1) Hunt for the Wilderpeople
2) Finding Dory
3) The Commune
4) Little Sister
5) The Model

I saw an entirely respectable 44 festival films this year and, to be fair, only two of them were actively awful. Like everyone I spoke to, I loved Taika Waititi’s Hunt for the Wilderpeople – it had been the film I was most looking forward to throughout the festival and it didn’t disappoint. A very entertaining comedy about a rebellious kid (newcomer Julian Dennison) and his foster Uncle (Sam Neill) going missing in the New Zealand bush, it had heart and humour in huge quantities. I particularly loved Rhys Derby as Psycho Sam, the Wild Man they run into. I can’t wait to see this again.

You have a point about Finding Dory – you don’t need me to tell you that Pixar have done it again either, but, well, they have. The Pixar Family Gala is an important part of the Edinburgh Film Festival every year (Inside Out was my favourite film of the festival last year) and long may that tradition continue.

You mentioned Thomas Vinterberg’s The Commune already, but I hadn’t seen it before the festival, so it made it into my list. I thought it would make an excellent companion piece to Lukas Moodysson’s Together (one of my favourite films of the noughties). Set in the 1970s, it’s about a commune that gradually splits apart after one of its members (Ulrich Thomsen) begins an affair with a younger woman. Trine Dyrholm is heart-breaking as the wife trying to balance the ideal of their communal life with the reality of its impact on her marriage and there’s great support from a host of familiar Danish faces, as well as newcomer Martha Sofie Wallstrøm Hansen, who made a strong impression as their teenage daughter.

I also really liked Little Sister, an American indie about a soon-to-be nun (Addison Timlin) visiting her estranged family, including her strung-out mother (Ally Sheedy) and her recently-returned soldier brother (Keith Poulson) who’s been left severely disfigured after an IED explosion. Writer-director Zach Clark made one of my favourite EIFF discoveries of recent years (Modern Love Is Automatic) and I liked his second film, Vacation, too (also at EIFF), so I was really looking forward to this. Clark has a knack for caustic dialogue and occasionally close-to-the-bone humour, but he’s also adept at portraying fraught, but loving relationships and that really shines through here. He’s a dab hand with a synth score too.

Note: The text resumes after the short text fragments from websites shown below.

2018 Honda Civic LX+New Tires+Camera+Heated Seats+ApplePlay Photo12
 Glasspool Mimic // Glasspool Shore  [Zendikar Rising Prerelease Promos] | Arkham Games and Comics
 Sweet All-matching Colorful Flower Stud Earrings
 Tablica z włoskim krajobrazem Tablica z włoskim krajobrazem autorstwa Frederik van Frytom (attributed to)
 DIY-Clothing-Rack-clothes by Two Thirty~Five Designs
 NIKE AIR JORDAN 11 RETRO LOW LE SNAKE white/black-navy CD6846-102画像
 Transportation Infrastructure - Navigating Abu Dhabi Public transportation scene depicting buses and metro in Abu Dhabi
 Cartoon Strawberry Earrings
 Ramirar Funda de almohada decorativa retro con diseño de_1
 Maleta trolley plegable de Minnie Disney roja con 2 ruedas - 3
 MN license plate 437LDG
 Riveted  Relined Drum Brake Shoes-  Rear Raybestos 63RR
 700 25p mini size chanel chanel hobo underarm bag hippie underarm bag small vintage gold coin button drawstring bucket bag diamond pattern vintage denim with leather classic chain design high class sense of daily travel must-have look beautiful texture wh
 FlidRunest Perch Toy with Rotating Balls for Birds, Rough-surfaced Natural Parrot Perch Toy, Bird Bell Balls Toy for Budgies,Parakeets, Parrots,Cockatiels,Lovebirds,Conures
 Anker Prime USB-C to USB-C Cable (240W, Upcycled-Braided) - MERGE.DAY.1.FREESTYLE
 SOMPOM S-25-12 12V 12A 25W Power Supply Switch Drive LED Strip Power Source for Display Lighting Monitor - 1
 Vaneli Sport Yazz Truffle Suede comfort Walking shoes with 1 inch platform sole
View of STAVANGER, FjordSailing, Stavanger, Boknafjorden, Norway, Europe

For my fifth film, I went with Danish drama The Model, perhaps because it was one of the last films I saw at the festival and it ended up staying with me when it came to list-writing time. It’s a fairly predictable story about the horrors of the modelling industry when you’re very young (the lead character tells everyone she’s 18, but she’s 16), but it was well acted by the lead (Maria Palm) and it had possibly my favourite final shot of the festival.

I’d also like to single out five other films I really liked, any of which could have been swapped with The Model for that fifth slot. They were: Swedish old comedy A Man Called Ove (very touching performances and a lovely story about an old man gradually being softened by the kindness of his neighbours), Danish thriller A Conspiracy of Faith (the third in the Department Q series, with Nikolas Lie Kaaj and Fares Fares – to my mind better than the second film, not quite as good as the first), French children’s comedy The Canterville Ghost (featuring ginger goddess Audrey Fleurot as  a sexy ghost), American teens-bonding-over-a-mutual-love-of-slash-fiction indie Slash and Brady Corbet’s The Childhood of a Leader, which was simultaneously the best possible film to see on the morning of the Brexit result and the worst possible film to see on the morning of the Brexit result. (Speaking of which, that really put a downer on the last few days of the festival, so thanks for that, Britain).

harold and lillian
Harold and Lillian: A Hollywood Love Story

Gareth Negus:

Documentaries about film are usually among the treats of Edinburgh, and so it proved to be with Harold and Lillian: A Hollywood Love Story. This tells the story of  the long marriage between Harold and Lillian Michelson: respectively, a storyboard artist turned production designer, and a film researcher who for many years ran one of Hollywood’s most respected research libraries.  The film mixes poignant stories from their six decade marriage with fascinating Hollywood anecdotes – how Harold’s storyboard’s came up with iconic shots for which directors are usually credited, how Lillian nearly went to South America with a drug lord while researching Scarface, how the pair inspired the King and Queen in Shrek. A UK cinema release might be too much to hope for, but keep an eye on your VOD platform of choice for this one.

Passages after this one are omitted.